What needs to be done - Go to the line holding "A patio with" in the data below and repeat it exactly, then each line after it up to and including the one holding "Interno di minibus". Omit pictures.
*** Data for processing ***
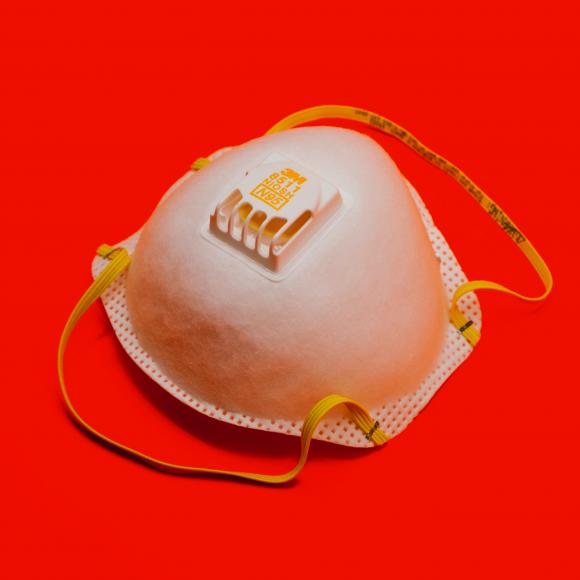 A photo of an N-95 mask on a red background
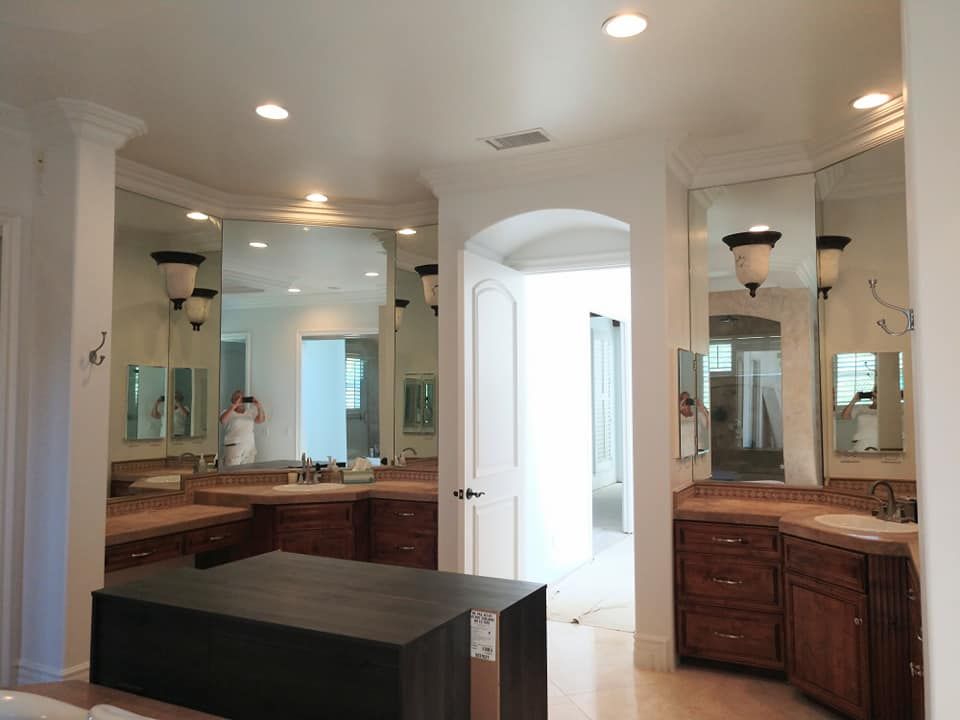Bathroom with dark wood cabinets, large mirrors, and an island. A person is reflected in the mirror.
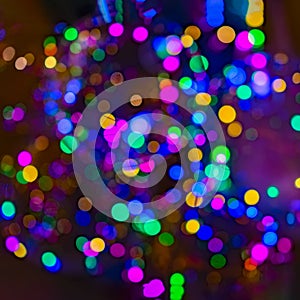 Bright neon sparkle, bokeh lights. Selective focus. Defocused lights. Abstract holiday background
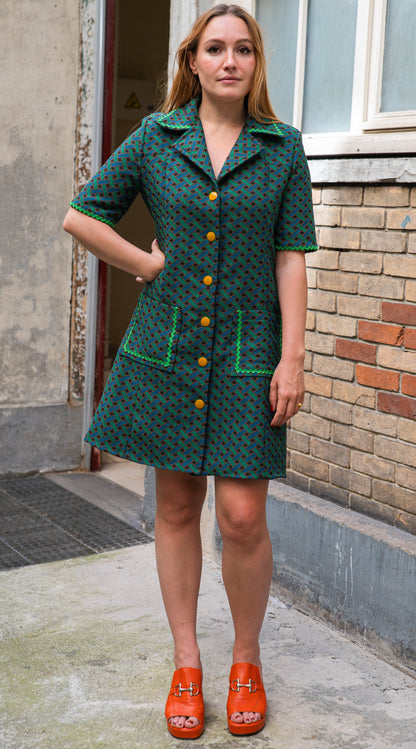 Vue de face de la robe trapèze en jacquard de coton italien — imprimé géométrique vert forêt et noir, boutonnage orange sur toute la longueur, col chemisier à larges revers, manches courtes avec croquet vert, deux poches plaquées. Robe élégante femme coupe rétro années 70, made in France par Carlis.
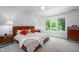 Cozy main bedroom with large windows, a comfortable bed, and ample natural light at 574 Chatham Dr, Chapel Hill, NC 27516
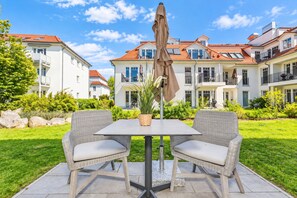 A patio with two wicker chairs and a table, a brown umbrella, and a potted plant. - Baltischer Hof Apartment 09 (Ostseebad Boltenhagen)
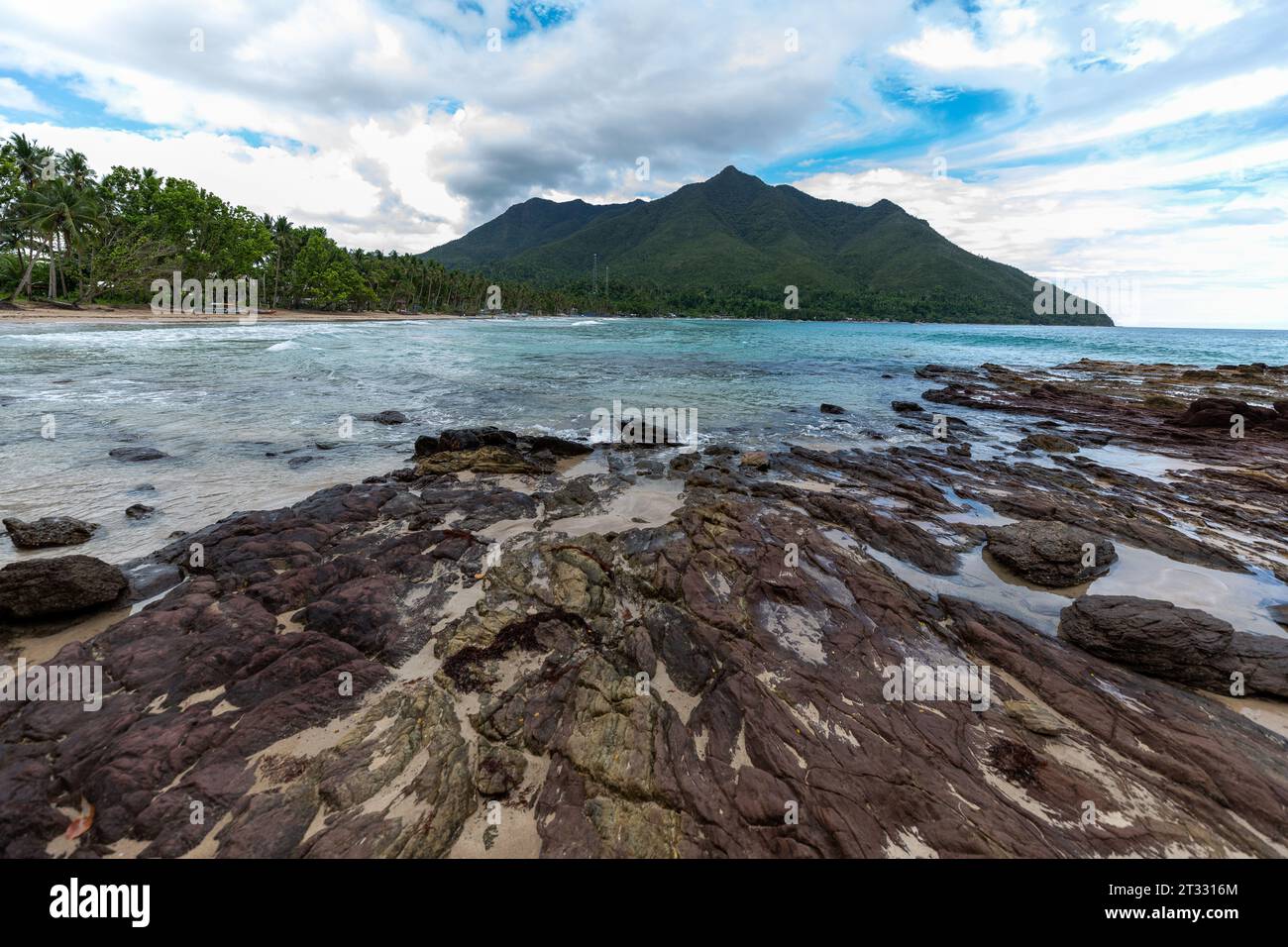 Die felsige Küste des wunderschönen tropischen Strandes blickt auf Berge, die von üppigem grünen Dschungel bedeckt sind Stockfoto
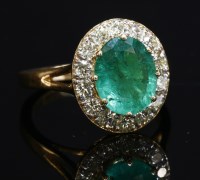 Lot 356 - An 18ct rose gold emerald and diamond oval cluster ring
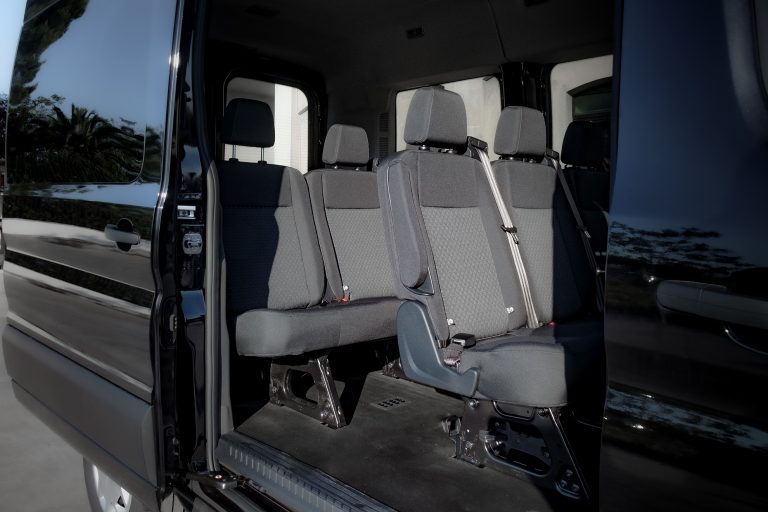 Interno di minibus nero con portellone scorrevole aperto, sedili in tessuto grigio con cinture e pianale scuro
***
*** Data for processing ***
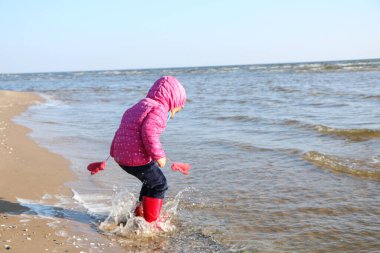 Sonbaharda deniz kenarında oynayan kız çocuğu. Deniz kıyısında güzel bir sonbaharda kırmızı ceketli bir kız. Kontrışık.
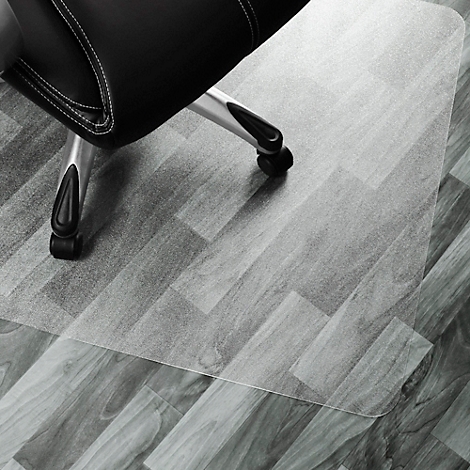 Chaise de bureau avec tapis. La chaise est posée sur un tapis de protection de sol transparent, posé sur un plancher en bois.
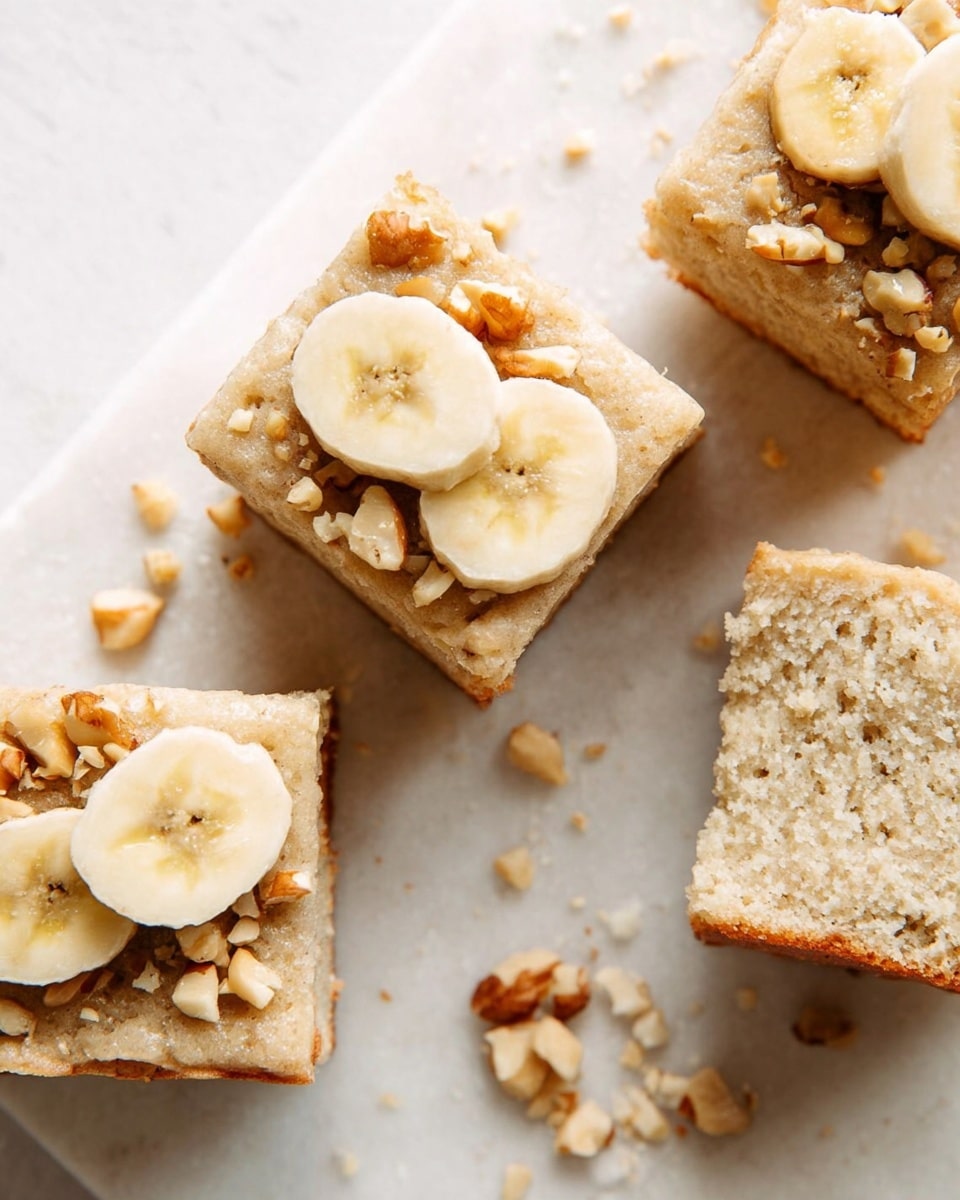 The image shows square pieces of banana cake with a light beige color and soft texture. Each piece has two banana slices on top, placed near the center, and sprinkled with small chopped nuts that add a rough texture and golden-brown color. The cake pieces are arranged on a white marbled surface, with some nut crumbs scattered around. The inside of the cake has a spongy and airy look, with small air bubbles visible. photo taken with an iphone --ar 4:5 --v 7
***
Your solution -
 A patio with two wicker chairs and a table, a brown umbrella, and a potted plant. - Baltischer Hof Apartment 09 (Ostseebad Boltenhagen)
 Die felsige Küste des wunderschönen tropischen Strandes blickt auf Berge, die von üppigem grünen Dschungel bedeckt sind Stockfoto
 Lot 356 - An 18ct rose gold emerald and diamond oval cluster ring
 Interno di minibus nero con portellone scorrevole aperto, sedili in tessuto grigio con cinture e pianale scuro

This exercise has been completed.